This straightforward, enthusiastic biography by Eichinger and Everson recounts the life story of Eric Liddell, the Olympic athlete whose achievements inspired the iconic movie Chariots of Fire.
The opening sequence of Chariots of Fire—men running barefoot on a Scottish beach backed by a soundtrack scored by Vangelis—is one of the most enduring scenes in cinema. Ironically, the subject of the movie, Eric Liddell, once one of the most famous men in Britain, is perhaps now less well-known than that scene. Eichinger and Everson’s biography seeks to redress this by reilluminating a remarkable life. Liddell was born in China, the second son of Scottish missionaries. At 5, he and his brother Robert were enrolled in a boarding school in London while their parents continued their work in the Far East.
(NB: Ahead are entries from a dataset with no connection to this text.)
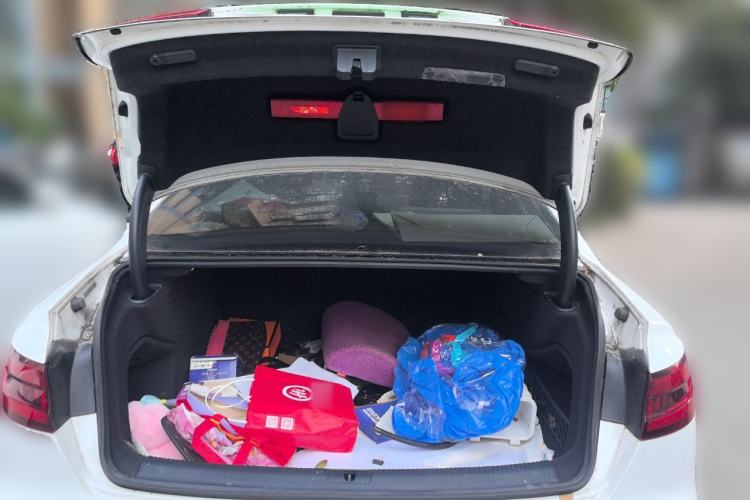 Used Audi A4L 2017 40 TFSI Ambition Edition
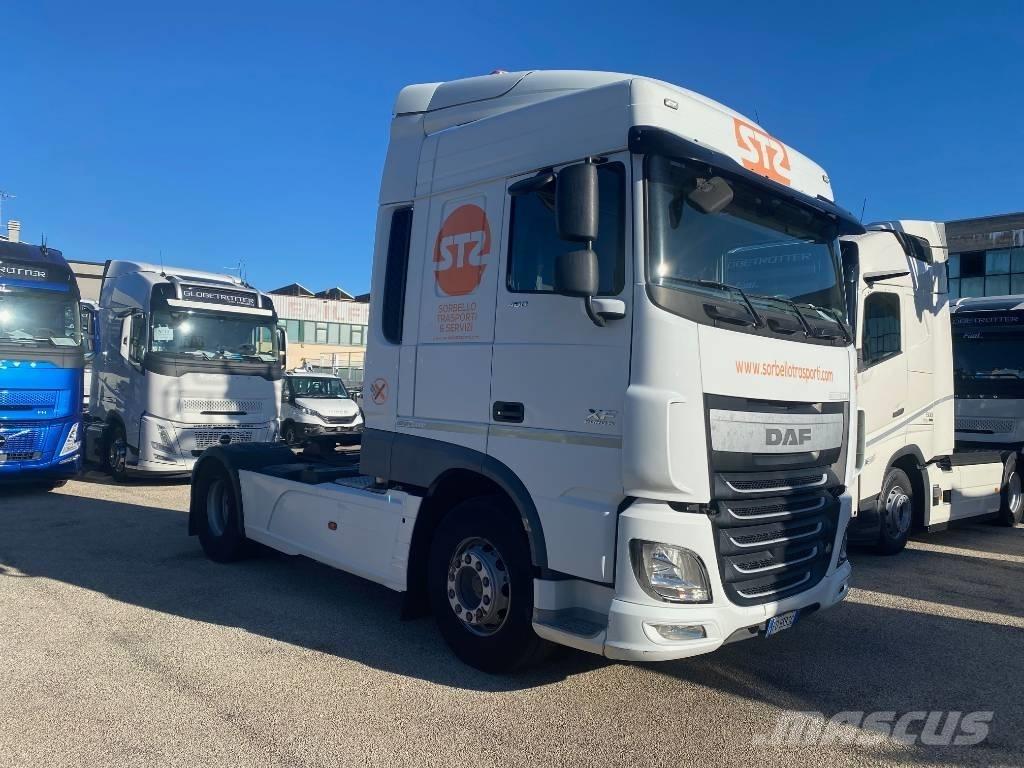 DAF XF 460 FT Τράκτορες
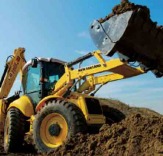 Экскаватор-погрузчик JCB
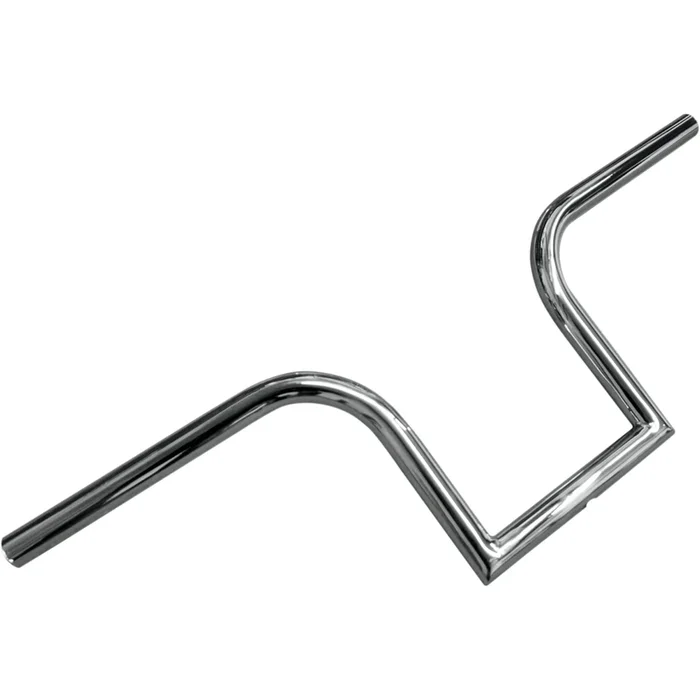LA CHOPPERS 0601-2060 LA-7381-08 Bourbon Handlebar 8 ” – chrome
From competing as a university freshman and taking a “shocking first in the 100 meters” against Edinburgh’s fastest sprinter to winning gold in the 400 meters at the 1924 Paris Olympics, Liddell led a life of achievement and victory. Yet he is maybe more famous for declining to compete in the 100-meter event of that same Olympics due to his religious respect for the Christian Sabbath. The biography charts his lifelong relationship with God, from his early curiosity with the intersection of science and theology to his work as a missionary in his later years. Short openings to chapters imagine key moments in Liddell’s life: “Eric stretched his legs from the seat he’d nearly collapsed into, one directly opposite the seat his friend slouched on. He glanced out the small window of the train, smudged with a child’s fingerprints from an earlier passage, to the platform on the other side.” These elegantly written passages are elaborated on with factual, to-the-point details: “The physical exertion through sport and competition was a welcome break from his daily pedagogical aerobics. Simply put, running gave his mind a rest.” The biography is occasionally oversentimental; Duncan Hamilton’s For the Glory: Eric Liddell’s Journey from Olympic Champion to Modern Martyr suffers the same pitfall. The authors’ admiration for, and fascination with, Liddell, however, is palpable on every page, demonstrated by the depth of research and the care taken to preserve his legacy.
A modest, beguiling biography that brilliantly mirrors its understated and remarkable subject.